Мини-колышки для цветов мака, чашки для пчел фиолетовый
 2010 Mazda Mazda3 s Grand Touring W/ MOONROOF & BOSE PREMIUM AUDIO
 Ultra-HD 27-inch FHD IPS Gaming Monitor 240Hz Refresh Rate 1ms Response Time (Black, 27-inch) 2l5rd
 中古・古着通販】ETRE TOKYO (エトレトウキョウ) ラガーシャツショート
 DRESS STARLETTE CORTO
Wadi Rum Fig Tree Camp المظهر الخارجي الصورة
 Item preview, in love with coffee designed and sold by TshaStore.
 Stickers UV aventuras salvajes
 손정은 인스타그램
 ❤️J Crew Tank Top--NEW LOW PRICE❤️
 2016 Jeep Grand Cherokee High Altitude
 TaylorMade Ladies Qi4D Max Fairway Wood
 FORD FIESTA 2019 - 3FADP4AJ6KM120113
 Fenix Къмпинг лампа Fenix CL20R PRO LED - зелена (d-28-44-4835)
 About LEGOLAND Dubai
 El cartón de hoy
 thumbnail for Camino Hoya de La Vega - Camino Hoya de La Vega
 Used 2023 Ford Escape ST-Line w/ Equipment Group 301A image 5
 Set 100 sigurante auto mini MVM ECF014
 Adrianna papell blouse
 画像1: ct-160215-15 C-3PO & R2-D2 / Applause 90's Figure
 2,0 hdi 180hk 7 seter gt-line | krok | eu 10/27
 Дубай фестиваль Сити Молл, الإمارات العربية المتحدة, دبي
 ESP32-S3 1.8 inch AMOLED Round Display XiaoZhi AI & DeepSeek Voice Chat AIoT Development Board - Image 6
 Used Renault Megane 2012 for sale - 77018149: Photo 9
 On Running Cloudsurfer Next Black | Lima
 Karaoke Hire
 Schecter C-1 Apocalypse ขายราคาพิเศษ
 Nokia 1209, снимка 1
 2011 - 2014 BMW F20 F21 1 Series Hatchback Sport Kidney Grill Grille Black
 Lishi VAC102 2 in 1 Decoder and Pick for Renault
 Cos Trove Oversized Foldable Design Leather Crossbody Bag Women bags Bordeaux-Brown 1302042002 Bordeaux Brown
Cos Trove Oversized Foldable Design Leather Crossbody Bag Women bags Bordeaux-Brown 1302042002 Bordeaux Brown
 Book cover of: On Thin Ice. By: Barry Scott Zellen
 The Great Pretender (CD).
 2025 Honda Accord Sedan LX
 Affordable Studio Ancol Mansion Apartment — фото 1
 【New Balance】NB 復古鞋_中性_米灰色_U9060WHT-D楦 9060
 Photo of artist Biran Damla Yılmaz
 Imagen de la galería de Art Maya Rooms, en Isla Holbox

--------------------------------

- [WHAT IS BEING ASKED]: In the entries above, find the line holding "Ultra-HD 27-inch FHD" and the line holding "TaylorMade Ladies Qi4D Max Fairway Wood", then retype exactly those two lines and every line between them, and nothing else.

- [FINISHED TASK]:
 Ultra-HD 27-inch FHD IPS Gaming Monitor 240Hz Refresh Rate 1ms Response Time (Black, 27-inch) 2l5rd
 中古・古着通販】ETRE TOKYO (エトレトウキョウ) ラガーシャツショート
 DRESS STARLETTE CORTO
Wadi Rum Fig Tree Camp المظهر الخارجي الصورة
 Item preview, in love with coffee designed and sold by TshaStore.
 Stickers UV aventuras salvajes
 손정은 인스타그램
 ❤️J Crew Tank Top--NEW LOW PRICE❤️
 2016 Jeep Grand Cherokee High Altitude
 TaylorMade Ladies Qi4D Max Fairway Wood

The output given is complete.